Exercise |
In the data that follows, find each line containing "concept" and copy it.

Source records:
━━━━━━━━━━━━━━━━━━━━━━━━━━━━━━
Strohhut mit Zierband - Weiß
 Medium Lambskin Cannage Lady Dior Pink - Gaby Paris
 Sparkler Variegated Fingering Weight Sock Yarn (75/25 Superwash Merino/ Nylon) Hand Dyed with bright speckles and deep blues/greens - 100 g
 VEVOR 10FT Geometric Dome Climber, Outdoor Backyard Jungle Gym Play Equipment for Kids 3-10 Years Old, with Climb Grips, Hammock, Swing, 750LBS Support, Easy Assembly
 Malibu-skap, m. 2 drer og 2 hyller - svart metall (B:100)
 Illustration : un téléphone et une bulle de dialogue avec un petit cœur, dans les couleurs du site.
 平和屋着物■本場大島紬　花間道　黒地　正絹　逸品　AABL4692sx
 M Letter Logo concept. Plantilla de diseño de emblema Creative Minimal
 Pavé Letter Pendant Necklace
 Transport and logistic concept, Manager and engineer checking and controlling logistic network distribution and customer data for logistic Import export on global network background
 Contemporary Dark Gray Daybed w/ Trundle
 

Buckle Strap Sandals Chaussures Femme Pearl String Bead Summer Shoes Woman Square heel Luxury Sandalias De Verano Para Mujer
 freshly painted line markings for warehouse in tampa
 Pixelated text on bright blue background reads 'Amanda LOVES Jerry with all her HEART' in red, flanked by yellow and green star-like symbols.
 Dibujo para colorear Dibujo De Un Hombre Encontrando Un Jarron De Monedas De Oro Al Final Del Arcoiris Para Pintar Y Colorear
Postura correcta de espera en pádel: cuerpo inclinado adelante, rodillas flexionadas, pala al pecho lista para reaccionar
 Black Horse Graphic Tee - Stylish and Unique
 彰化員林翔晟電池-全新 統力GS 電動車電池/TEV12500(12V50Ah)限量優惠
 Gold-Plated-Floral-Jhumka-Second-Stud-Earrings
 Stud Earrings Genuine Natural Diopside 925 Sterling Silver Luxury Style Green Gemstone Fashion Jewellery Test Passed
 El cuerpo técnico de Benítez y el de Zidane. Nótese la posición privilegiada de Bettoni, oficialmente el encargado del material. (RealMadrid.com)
━━━━━━━━━━━━━━━━━━━━━━━━━━━━━━
Written response |
 M Letter Logo concept. Plantilla de diseño de emblema Creative Minimal
 Transport and logistic concept, Manager and engineer checking and controlling logistic network distribution and customer data for logistic Import export on global network background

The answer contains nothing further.